Q: There are n identical balls and m different bins. Let Bn,m be the total number of way to put n balls in m bins.
(a) What are B1,1, B2,1, B1,2, B2,2, B3,2?
(b) Express Bn,m in terms of Bk;m-1, for k = 0,….. n.
(a) To find Bn,m, you need to determine the number of ways to put n identical balls into m different bins.
For B1,1, you have only one ball and one bin. In this case, there is only one way to place the ball in the bin.
For B2,1, you have two balls and one bin. Since the balls are identical, the order in which they are placed does not matter. Therefore, you can either put both balls in the bin or not put any ball in the bin. Hence, the number of ways is 2.

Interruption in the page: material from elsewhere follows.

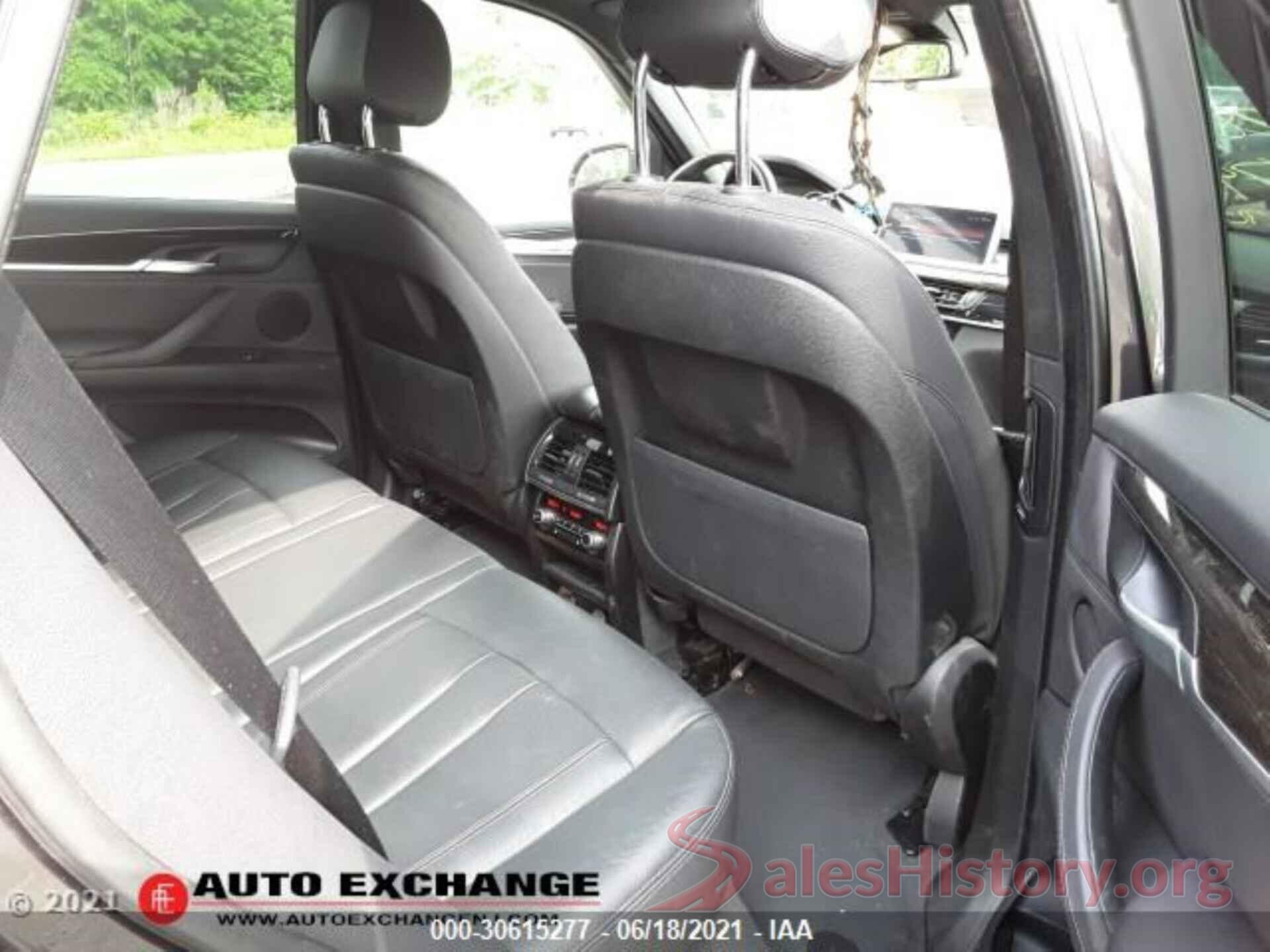 5UXKR0C51J0Y05608 2018 BMW X5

For B1,2, you have one ball and two bins. Similarly, since the ball is identical, the order of bins does not matter. Therefore, you can place the ball in the first bin or the second bin. Thus, the number of ways is 2.
For B2,2, you have two balls and two bins. There are several possible combinations: you can put both balls in the first bin, both balls in the second bin, one ball in the first bin and the other ball in the second bin, or no ball in either bin. Hence, the number of ways is 4.
For B3,2, you have three balls and two bins. The possible combinations are: all three balls in the first bin, all three balls in the second bin, two balls in the first bin and one ball in the second bin, two balls in the second bin and one ball in the first bin, or no ball in either bin. Therefore, the number of ways is 5.
(b) To express Bn,m in terms of Bk,m-1, for k = 0,...,n, we can use the following recurrence relation:
Bn,m = Bn-1, m-1 + Bn-1, m
This means that the number of ways to put n balls in m bins is equal to the sum of two terms: the number of ways to put n-1 balls in m-1 bins (considering the last bin is filled) plus the number of ways to put n-1 balls in m bins (considering the last bin is empty).
By using this recurrence relation, we can express Bn,m in terms of Bk,m-1 for k = 0,...,n.